Tras la narración y la visita al coro y al campanario hemos continuado viendo el templo lleno de sabor, con un retablo barroco que pide a gritos una buena restauración en el que se veía un San Juan Bautista central, una preciosa talla policromada de la Virgen con Niño en un lateral y una pintura de una Santa Bárbara en el otro. Una prueba de que la juventud de ahora no está muy familiarizada con el lenguaje eclesiástico es que para preguntarme si quería ver la sacristía, me ha dicho: ¿quieres ver los vestuarios?, por supuesto que sí, he dicho.
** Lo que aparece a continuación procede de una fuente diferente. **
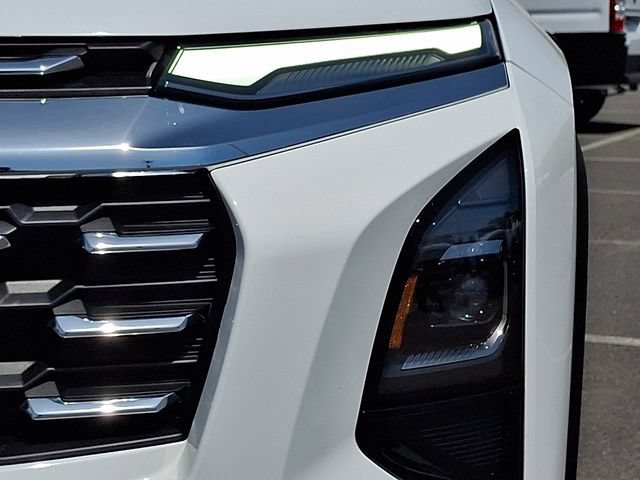 Used 2026 Chevrolet Equinox LT FWD image 9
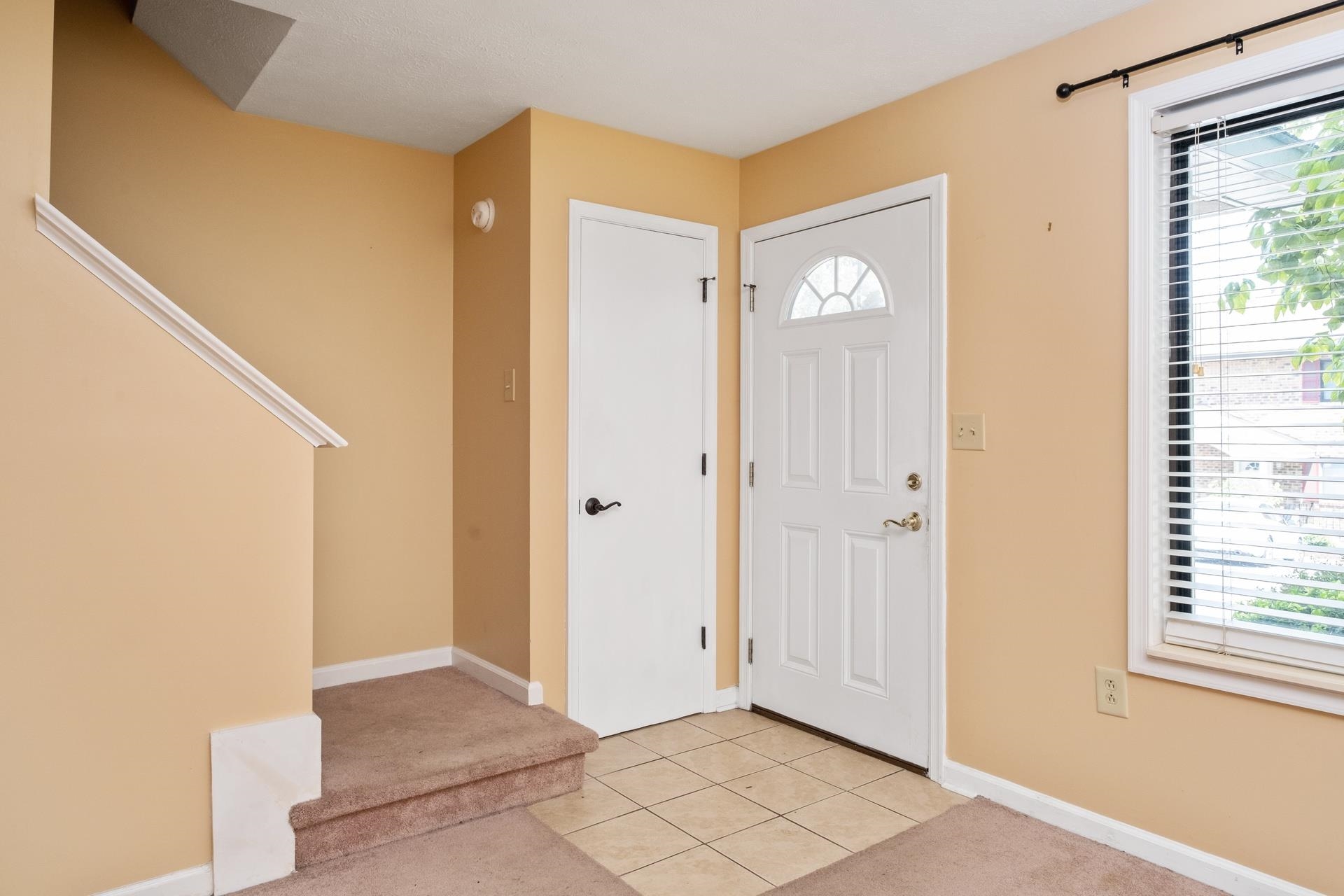 500 WINCHESTER AVE Unit: B5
La sacristía estaba toda abandonada, un maravilloso armario ropero de nogal del siglo XVIII aun guarda en su interior un montón de polícromas casullas, albas, sobrepellices y de más ropas talares. El ambiente de abandono, la luz tenue que la iluminaba, los muebles quejumbrosos que la habitaban, hacían de toda ella una obra de arte tridimensional.

Hemos dado por finalizada la visita y en agradecimiento le he regalado un ejemplar de El Rincón del Paseante III que le ha encantado. A mí me ha encantado ella por amable y por solícita.

He vuelto a mi troncomóvil y esta vez ya me he dirigido a casa sin más detenciones.